La langue hébraïque est formellement définie comme «la langue officielle de l’État», tandis que l’arabe reçoit expressément un « statut spécial, et, selon ses promoteurs, le droit à l’accès linguistique aux services de l’Etat serait déterminé par la loi. »

Les opposants soutiennent que cette formule réduit le statut de la langue arabe qui passerait de langue officielle de facto à un statut inférieur. L’arabe est actuellement imprimé sur la monnaie d’Israël, avec l’anglais et l’hébreu, et se trouve présent sur beaucoup d’autres symboles de l’Etat. Pour compliquer les choses, certains adversaires libéraux soutiennent effectivement la définition de l’hébreu comme seule langue officielle – et affirment que cela seul peut suffire à établir Israël comme un Etat juif, sans la nécessité de tout élément ethnique ou national qui serait mentionné.
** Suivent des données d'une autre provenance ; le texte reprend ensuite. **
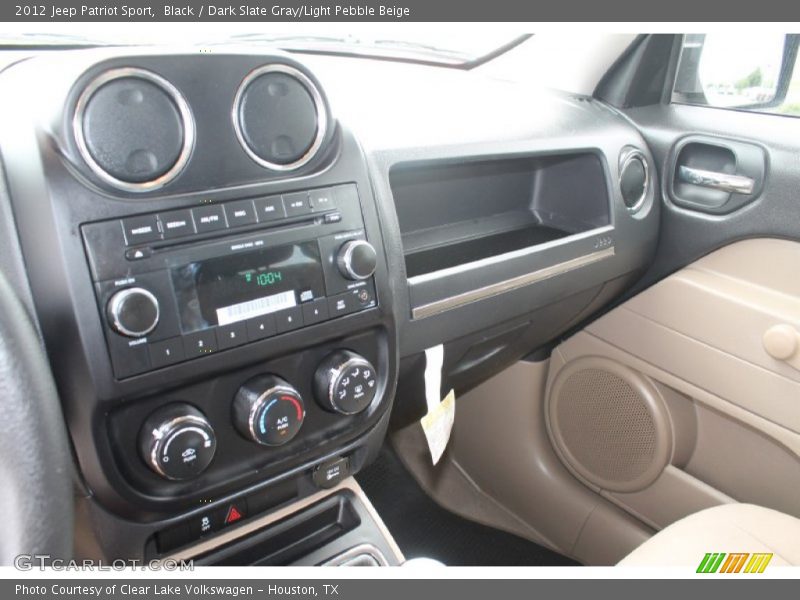 Black / Dark Slate Gray/Light Pebble Beige 2012 Jeep Patriot Sport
Le projet de loi Elkin va plus loin : « L’Etat doit agir… pour les implantations juives dans leurs limites, et attribue des ressources à ces fins ». Cet article renvoie à une période antérieure au sionisme qui a vu les implantations juives comme un élément-clé pour stabiliser l’Etat. Cela est destiné à exprimer l’engagement de l’État envers les implantations juives dans le Néguev, en Galilée et également en Cisjordanie.

Ce projet a été critiqué avec véhémence par les centristes et les hommes politiques de gauche, qui soutiennent que parler expressément d’« implantations juives » dans un tel texte reviendrait à créer un « racisme sanctionné par l’État ». D’autres font remarquer que les « frontières» de l’Etat sont informes, contrairement aux « limites ». La Cisjordanie pourrait être incluse dans les « frontières» de l’État, même si une grande partie de celle-ci se trouve en dehors ce que la loi israélienne reconnaît officiellement comme les frontières de l’Etat. De cette façon l’article équivaudrait à une tentative de donner un imprimatur constitutionnel aux projets d’implantations de Cisjordanie.

Le projet de loi Levin-Shaked-Ilatov est plus proche des principes du gouvernement. Par exemple, il n’y est pas mentionné d’articles sur les implantations ou sur l’hébreu comme langue officielle, à la différence du projet Elkin. Mais il y a des différences. Ce texte précise que la démocratie est une «forme de gouvernement» plutôt que d’exprimer qu’elle fait partie de l’identité fondamentale de l’Etat.